__Problem to work on__.
Where the records below reach the line containing "Чоловічі кросівки salomon", start transcribing, and end with the line containing "Antec Nova Boitier", exactly and with nothing else added.

Items listed in a dataset:
# # # # # # #
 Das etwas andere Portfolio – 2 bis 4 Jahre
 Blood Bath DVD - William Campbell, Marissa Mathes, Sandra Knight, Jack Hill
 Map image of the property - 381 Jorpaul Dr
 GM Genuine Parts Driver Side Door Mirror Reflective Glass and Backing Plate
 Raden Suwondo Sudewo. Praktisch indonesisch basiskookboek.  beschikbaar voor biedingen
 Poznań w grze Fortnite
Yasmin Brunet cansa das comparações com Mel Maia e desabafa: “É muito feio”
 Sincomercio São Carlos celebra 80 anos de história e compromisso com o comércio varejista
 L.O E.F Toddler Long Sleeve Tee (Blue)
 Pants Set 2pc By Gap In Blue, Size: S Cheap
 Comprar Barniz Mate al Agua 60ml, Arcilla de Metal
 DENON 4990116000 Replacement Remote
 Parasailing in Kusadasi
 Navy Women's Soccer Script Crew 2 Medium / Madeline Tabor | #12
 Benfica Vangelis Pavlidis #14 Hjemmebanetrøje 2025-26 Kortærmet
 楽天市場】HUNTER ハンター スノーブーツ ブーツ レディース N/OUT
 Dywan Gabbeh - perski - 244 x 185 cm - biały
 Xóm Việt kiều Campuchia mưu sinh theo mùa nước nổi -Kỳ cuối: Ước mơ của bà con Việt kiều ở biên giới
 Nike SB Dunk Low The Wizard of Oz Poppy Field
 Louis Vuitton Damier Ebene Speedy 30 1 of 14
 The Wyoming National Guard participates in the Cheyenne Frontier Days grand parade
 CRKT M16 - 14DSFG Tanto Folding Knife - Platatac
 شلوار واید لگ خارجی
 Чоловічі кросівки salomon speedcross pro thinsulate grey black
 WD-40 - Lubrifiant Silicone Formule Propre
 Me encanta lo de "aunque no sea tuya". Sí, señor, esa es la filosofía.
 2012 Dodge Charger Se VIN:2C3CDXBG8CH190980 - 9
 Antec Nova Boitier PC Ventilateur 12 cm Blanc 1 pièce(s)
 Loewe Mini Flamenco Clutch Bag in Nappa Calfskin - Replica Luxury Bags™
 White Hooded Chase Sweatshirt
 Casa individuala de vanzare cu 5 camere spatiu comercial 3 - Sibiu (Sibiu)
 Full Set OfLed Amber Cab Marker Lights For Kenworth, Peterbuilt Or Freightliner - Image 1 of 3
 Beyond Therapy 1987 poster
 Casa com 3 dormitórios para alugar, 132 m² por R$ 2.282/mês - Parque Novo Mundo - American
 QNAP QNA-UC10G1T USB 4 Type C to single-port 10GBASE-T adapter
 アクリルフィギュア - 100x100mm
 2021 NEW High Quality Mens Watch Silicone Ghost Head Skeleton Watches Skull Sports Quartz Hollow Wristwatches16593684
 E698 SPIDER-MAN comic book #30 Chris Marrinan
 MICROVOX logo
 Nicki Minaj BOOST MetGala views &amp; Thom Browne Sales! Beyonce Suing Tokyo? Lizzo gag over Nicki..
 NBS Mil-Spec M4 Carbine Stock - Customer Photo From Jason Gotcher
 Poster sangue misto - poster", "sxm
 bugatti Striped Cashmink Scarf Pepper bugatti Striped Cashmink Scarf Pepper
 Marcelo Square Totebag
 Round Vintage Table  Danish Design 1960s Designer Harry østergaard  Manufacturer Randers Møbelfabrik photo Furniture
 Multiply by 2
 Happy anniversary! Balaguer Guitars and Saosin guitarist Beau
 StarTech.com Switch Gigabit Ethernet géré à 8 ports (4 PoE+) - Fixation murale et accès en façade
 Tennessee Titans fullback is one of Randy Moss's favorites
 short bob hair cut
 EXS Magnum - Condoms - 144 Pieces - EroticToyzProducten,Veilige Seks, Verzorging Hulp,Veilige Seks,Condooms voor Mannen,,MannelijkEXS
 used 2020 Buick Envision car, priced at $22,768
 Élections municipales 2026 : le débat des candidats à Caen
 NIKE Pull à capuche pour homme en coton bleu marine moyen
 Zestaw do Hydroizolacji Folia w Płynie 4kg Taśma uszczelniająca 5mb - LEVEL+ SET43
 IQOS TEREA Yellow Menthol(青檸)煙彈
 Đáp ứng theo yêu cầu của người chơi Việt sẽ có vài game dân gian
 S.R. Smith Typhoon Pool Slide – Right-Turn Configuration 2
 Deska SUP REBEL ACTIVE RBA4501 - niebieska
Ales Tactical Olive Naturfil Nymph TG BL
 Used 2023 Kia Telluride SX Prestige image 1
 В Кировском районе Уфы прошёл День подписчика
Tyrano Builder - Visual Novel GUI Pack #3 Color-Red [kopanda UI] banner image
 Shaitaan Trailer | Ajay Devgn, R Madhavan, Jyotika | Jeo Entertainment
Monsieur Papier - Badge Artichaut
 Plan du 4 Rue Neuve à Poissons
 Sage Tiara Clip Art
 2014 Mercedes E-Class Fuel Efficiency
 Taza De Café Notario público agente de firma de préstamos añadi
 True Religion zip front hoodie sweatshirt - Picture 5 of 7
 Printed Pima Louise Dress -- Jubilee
# # # # # # #
__Exercise output__.
 Чоловічі кросівки salomon speedcross pro thinsulate grey black
 WD-40 - Lubrifiant Silicone Formule Propre
 Me encanta lo de "aunque no sea tuya". Sí, señor, esa es la filosofía.
 2012 Dodge Charger Se VIN:2C3CDXBG8CH190980 - 9
 Antec Nova Boitier PC Ventilateur 12 cm Blanc 1 pièce(s)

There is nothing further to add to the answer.